Ahí estaba su estampa de cuerpo entero, imponiendo en todo el lugar la fuerza orgullosa del… “aquí stoy, sin más mérito que el haber hecho lo que he debido hacer… y no he hecho más que ollas… ay stán pa' que las vean, y si les gustan… pos’ qué mejor”.

El cartel no decía nada; sólo se veía a aquel hombrón en actitud de  “…órale pues, ay está la foto, a ver a quien le sirve, y si mis ollas les han gustado, me complace, pero no crean que son nada del otro mundo”.

- “Gente como ésta vale la pena encontrarla”- pensé.

- “En Mata Ortiz lo puede encontrar”, me dijeron.

 - “¿Qué es Mata Ortiz?”, preguntamos.

 - “Es un pueblito que así se llama. Está payá’ pal’ Norte de ‘Shihuahua’, por el rumbo de Paquimé, como a unos 200 kilómetros de aquí”, nos dijo el poli del museo.

Al caer la tarde llegamos al hermoso sitio, con sus vestigios arqueológicos de impecable arquitectura y admirables sistemas hidrológicos que impresionarían al más pintado urbanista de nuestros tiempos.

 Decidimos entonces recluirnos en el bonito y solitario mesón llamado Las Guacamayas, donde dormimos a pierna suelta. Habiendo visitado el sitio arqueológico y el bien puesto museo de sitio, al día siguiente la emprendimos rumbo a Mata Ortiz.

Unos chiquillos que jugaban entre el terregal, se divertían asustando a las escolares que salían del colegio, muy uniformadas y oliendo a borrador. Las calles terregosas al lado de las vías del tren parecían recoger a varias casuchas a sus lados. Nada había que hiciera referencia a aquel altivo personaje que colgaba en el museo. No se veía nada que valiera la pena en aquel poblado, que se llama Mata Ortiz en memoria de un valiente militar que empeñó su vida en las terribles borucas de la revolución.

Una niña de cara redonda y negras trenzas, nos dijo que creía que ahí en la esquina vivían los Quezada, pero que ella no sabía, que ella sólo había oído que alguien había dicho que creía que ahí vivían.

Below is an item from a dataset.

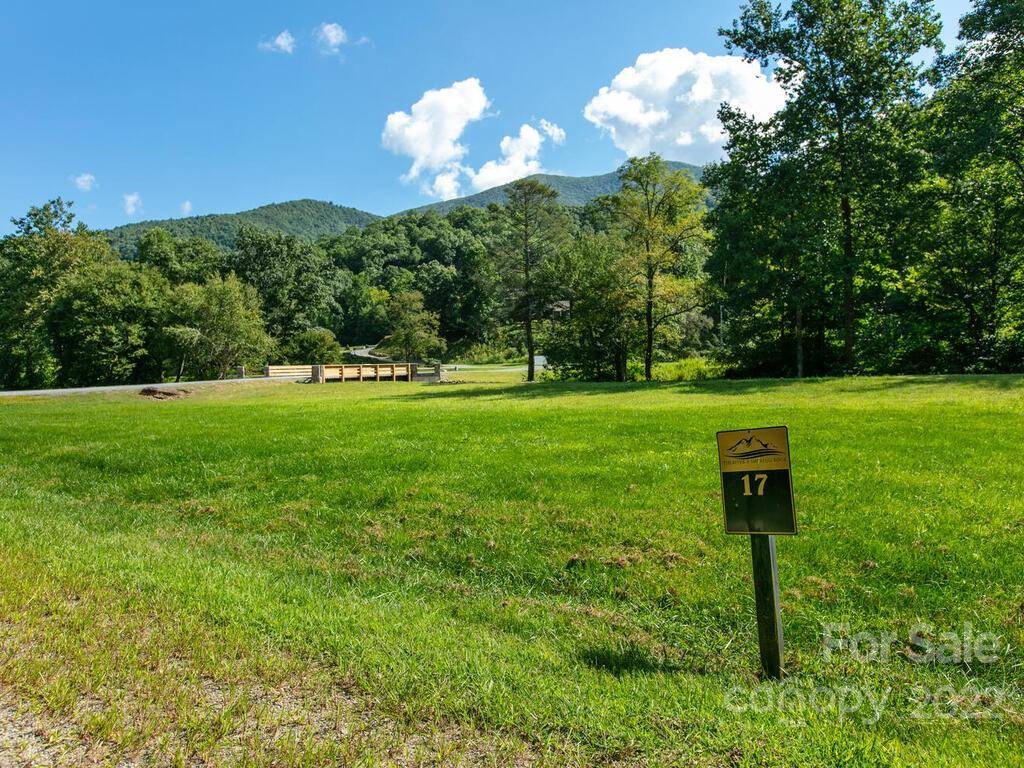 Canton, NC 28716,00000 Shining Rock TRL #17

Venciendo tantas dudas y “yonosenadas”, nos atrevimos a empujar la puerta de la casa más cercana. Un penoso rechinido de bisagras rompió el silencio de la habitación en donde de súbito nos vimos rodeados de sillones victorianos en terciopelo rojo, y con una vieja consola Telefunken cubierta de manteles tejidos y un cisne de porcelana encima. La impresión de que todo estaba preparado por si alguna visita pudiera llegar, se hacía más notorio por el olor a leña quemada que venía del patio de atrás.

El atrevimiento de dar unos cuantos pasos adelante, acompañados por el consabido “…buenos díaaas…”, nos pusieron sin más ni más, en medio de la extraordinaria exhibición de las joyas de la famosa cerámica de Juan Quezada, que junto con su familia entera -con arte y dedicación- fabrican… ¡en el patio de su casa…!

Don Juan, que almorzaba tras unas cortinas de tejido, al oír que preguntábamos por él, se levantó a saludarnos amable y austero; y calzándose su imprescindible sombrero de vaquero, pidió a uno de sus hijos -ceramistas todos- que fuera nuestro guía para enseñarnos los tesoros familiares.
La historia de este hombre, cuyas piezas hechas y firmadas rondan en los cinco mil dólares, merece un capítulo aparte. El hecho de haberse empeñado contra viento y marea, a copiar los tepalcates antiguos que se encontraba por ahí tirados; el haber  perfeccionando sus técnicas con los rudimentarios elementos que tenía a la mano; y haber llegado a tal sofisticación, es más que digno de admirar.

Sus enseñanzas, filantropía y dedicación han puesto a Mata Ortiz en el mapa mundial de los ceramistas, dando además ocupación y empleo a la mayoría de las familias de este pueblo.